Only the lines from the one containing "500 MISSION Road, El Paso, TX 79903" to the end of the records belong in the answer; repeat them exactly and drop the pictures.

(Beginning of RECORDS PROVIDED)

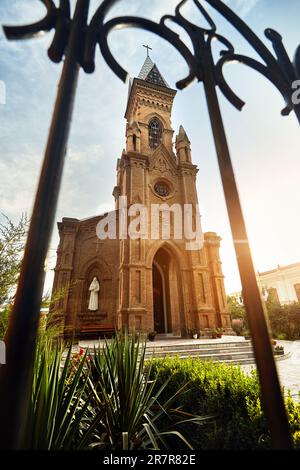 Chiesa cattolica di San Vista di Giovanni Battista dalla strada attraverso la recinzione fu costruita nel 1915 dai prigionieri di guerra europei a Samarcanda, Uzbekistan Foto Stock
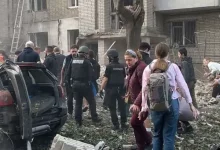 На вулиці Патона триває рятувальна операція під завалами будинку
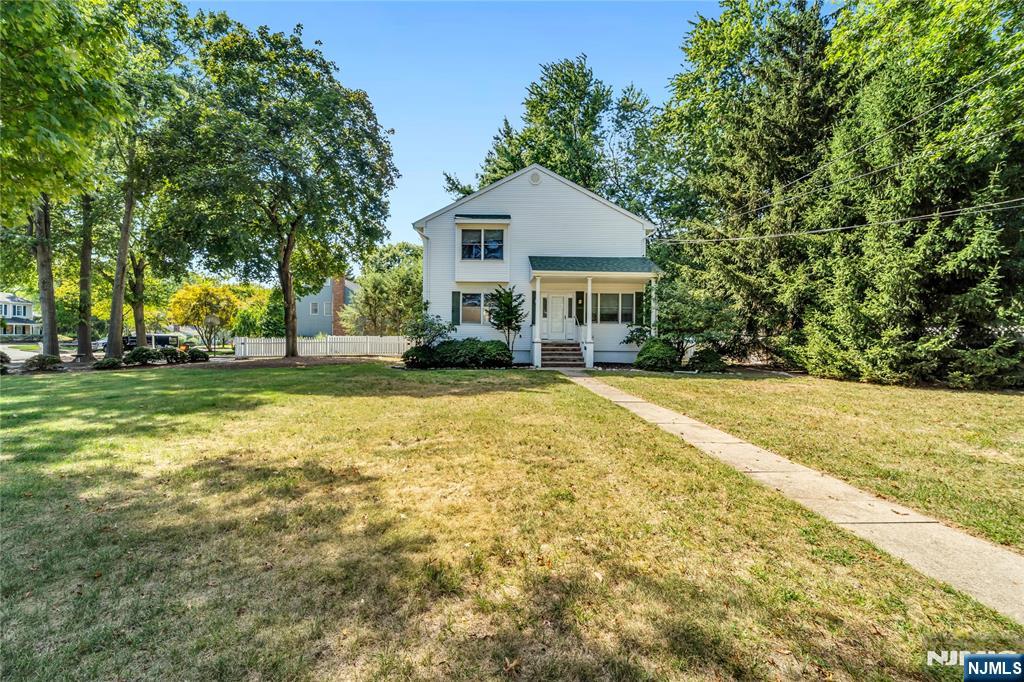 233 Rivervale Road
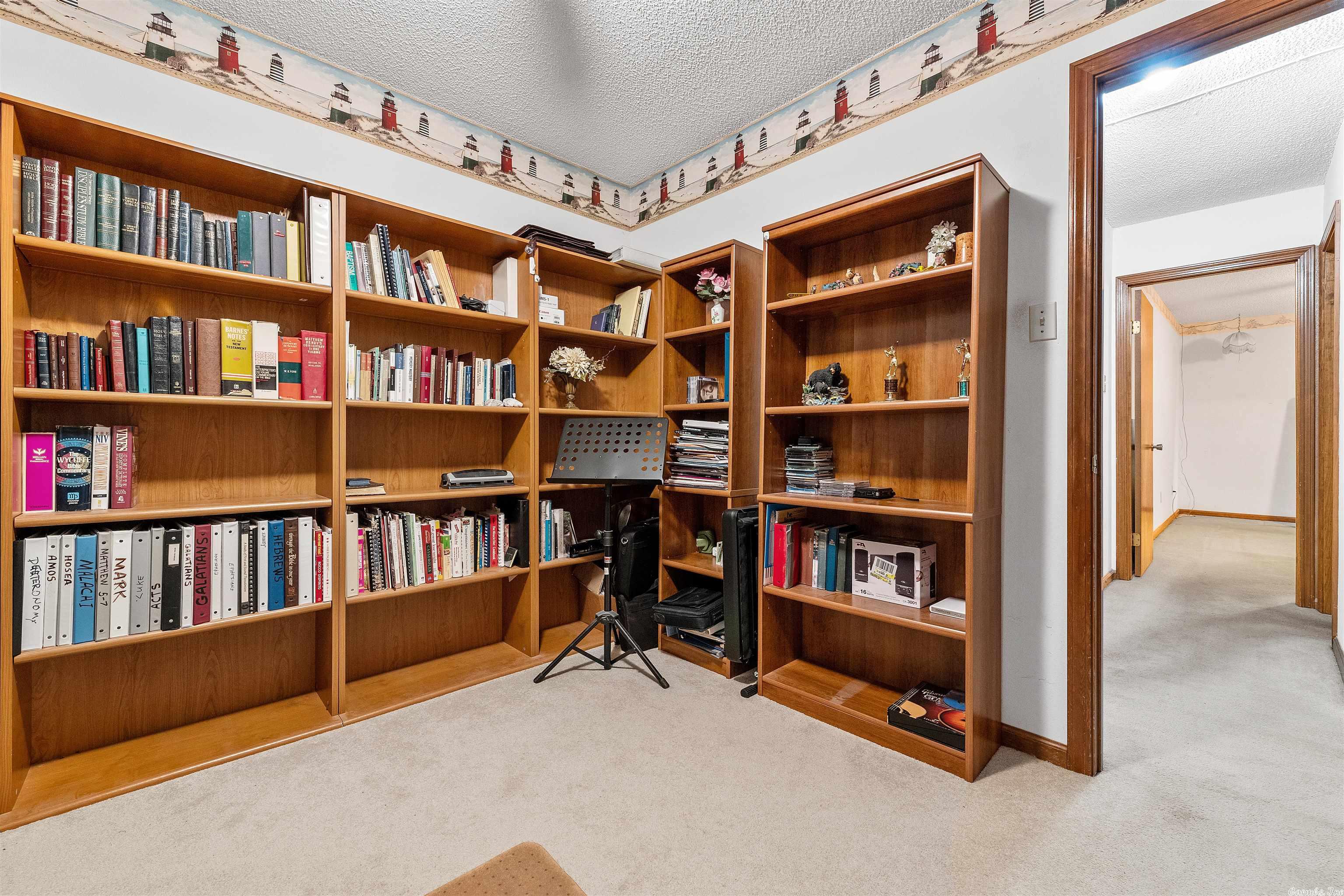 WOODLAND HILLS - Residential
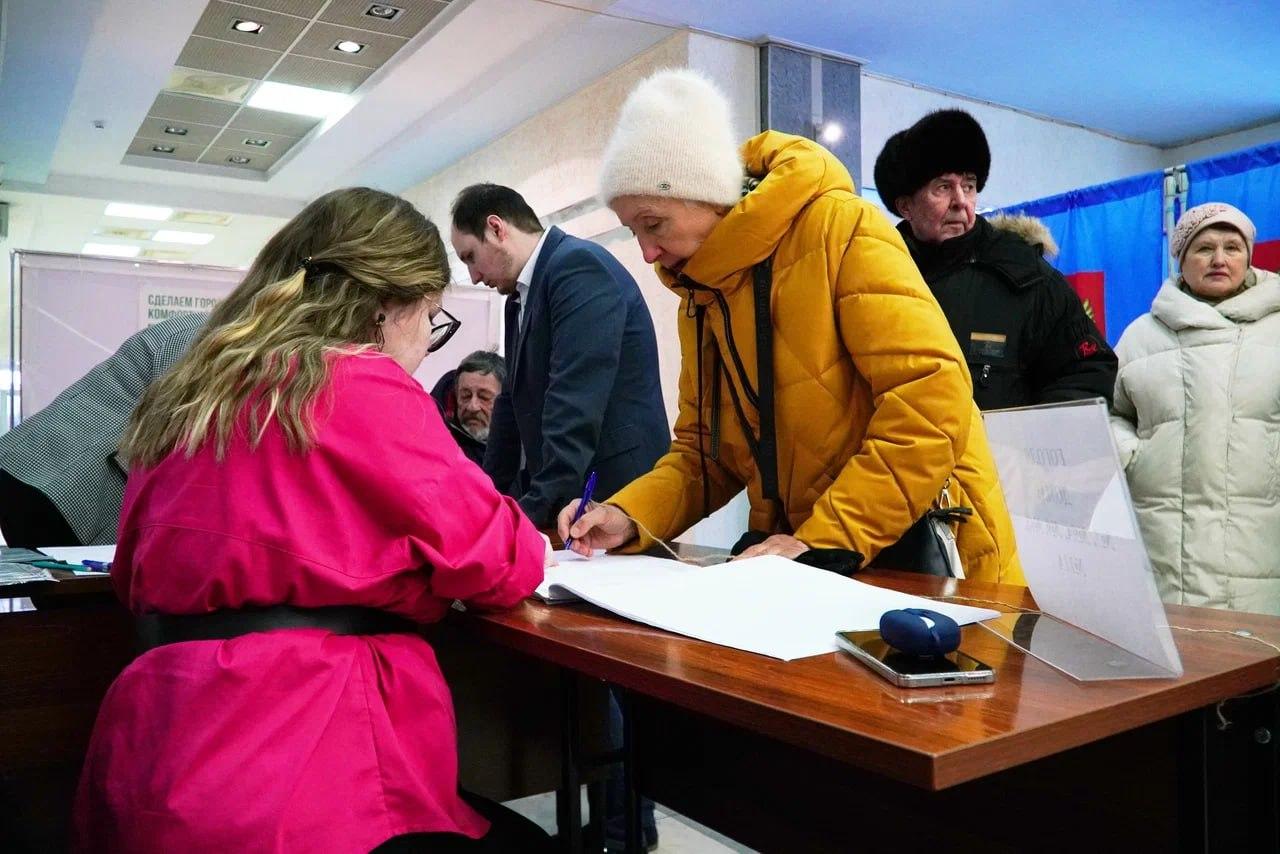 Фото Как в Новосибирске прошёл первый день выборов президента РФ — фоторепортаж 14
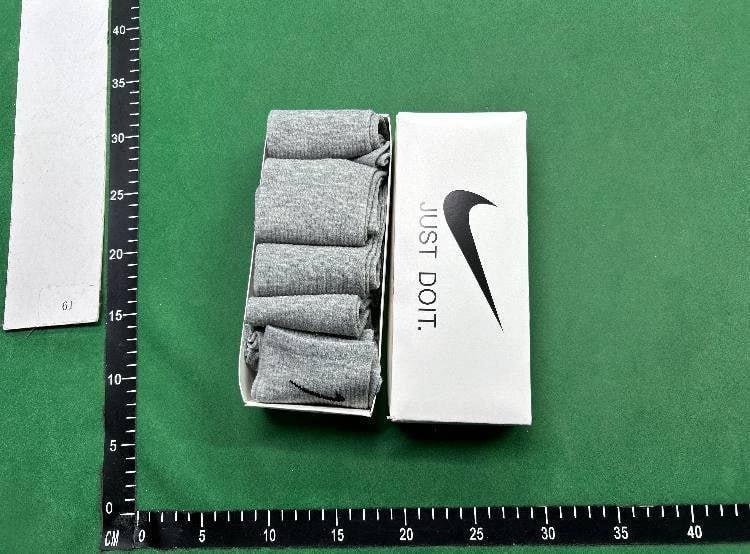 nike socks  (35 CP)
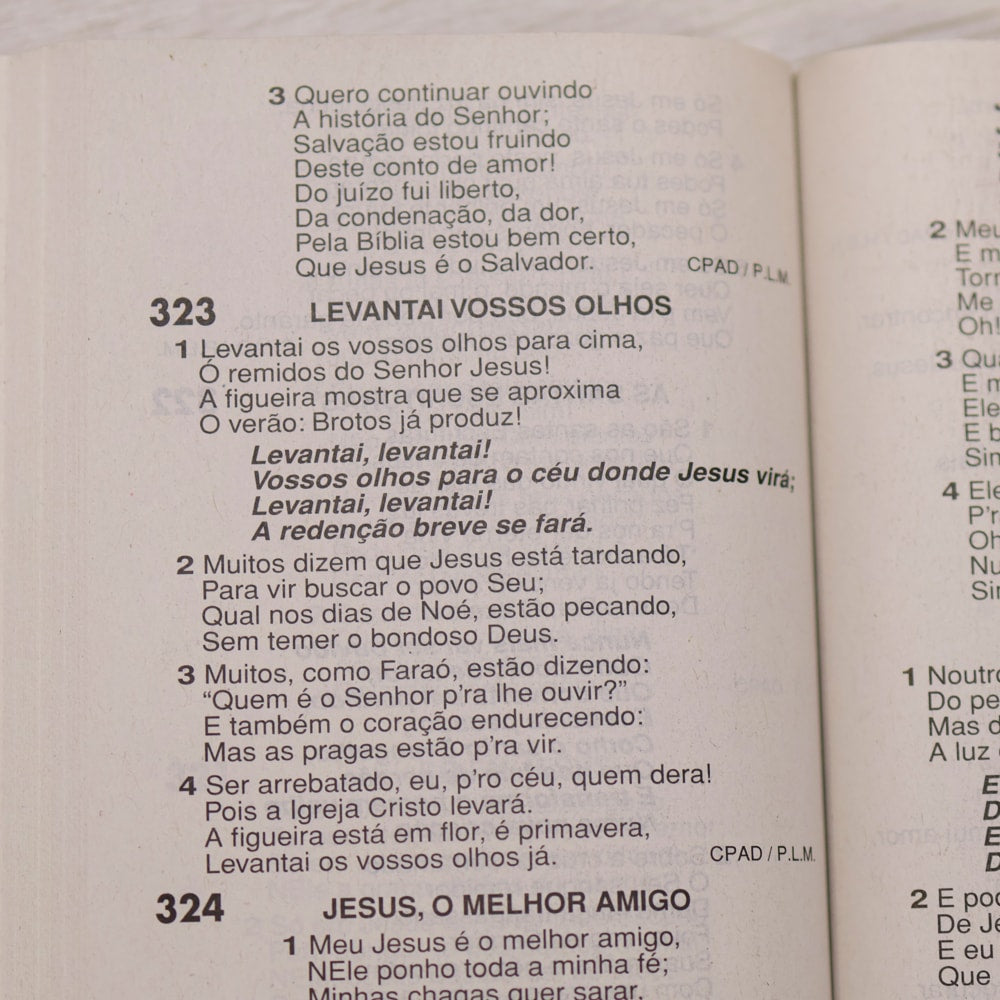 Harpa Cristã | Média | Letra Normal | Rosas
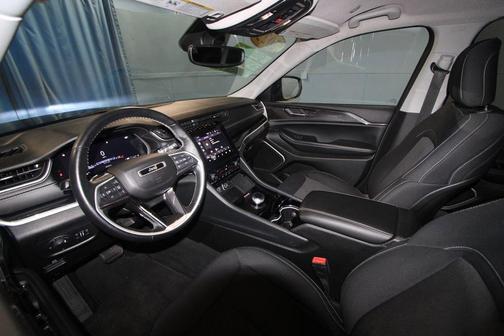 2022 Jeep Grand Cherokee Laredo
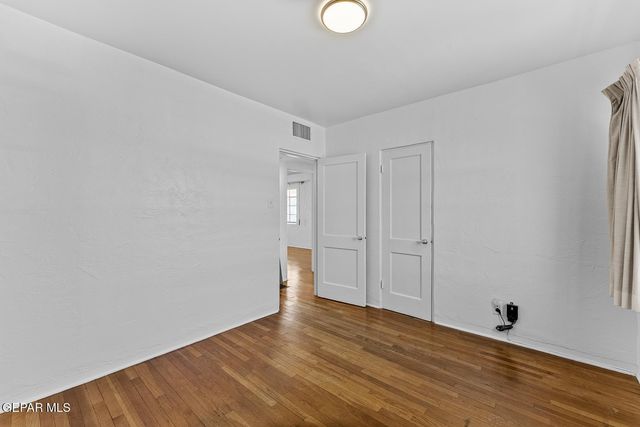500 MISSION Road, El Paso, TX 79903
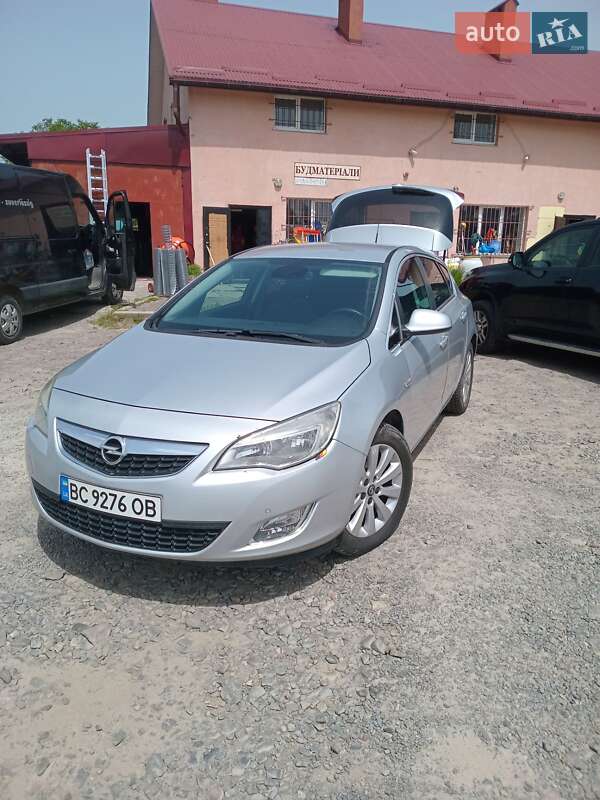 Хэтчбек Opel Astra 2010 в Львове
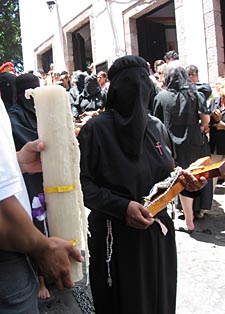 procession en noir (vendredi Saint) 
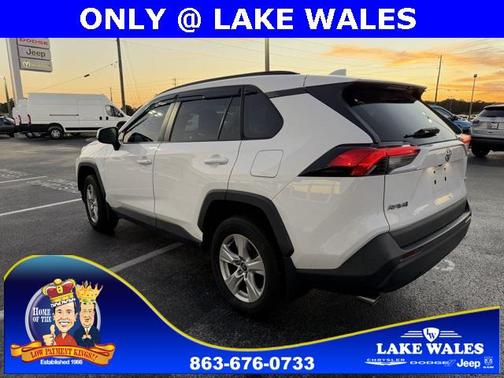 2020 Toyota RAV4 XLE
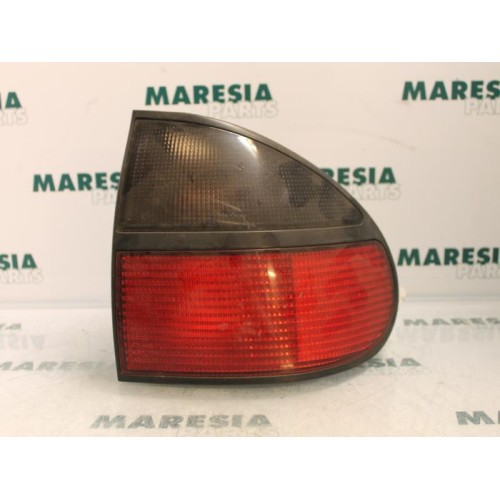 Renault - Laguna - Taillight, right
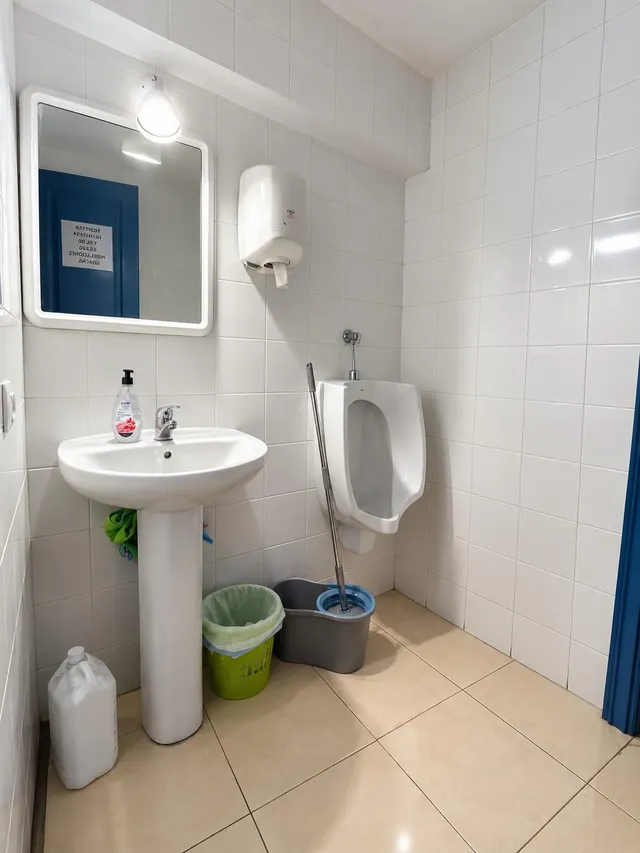 EDIFICIO EN VENTA – POLÍGONO EL CERRO, SEGOVIA — 9
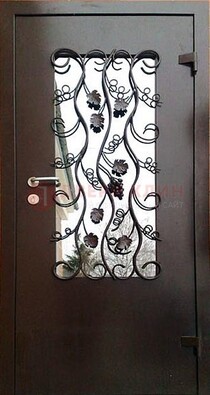 Металлическая дверь со стеклом и ковкой ДСК-43 в офис в Можайске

(End of RECORDS PROVIDED)

● **ANSWER BELOW**:
500 MISSION Road, El Paso, TX 79903
 Хэтчбек Opel Astra 2010 в Львове
 procession en noir (vendredi Saint) 
 2020 Toyota RAV4 XLE
 Renault - Laguna - Taillight, right
 EDIFICIO EN VENTA – POLÍGONO EL CERRO, SEGOVIA — 9
 Металлическая дверь со стеклом и ковкой ДСК-43 в офис в Можайске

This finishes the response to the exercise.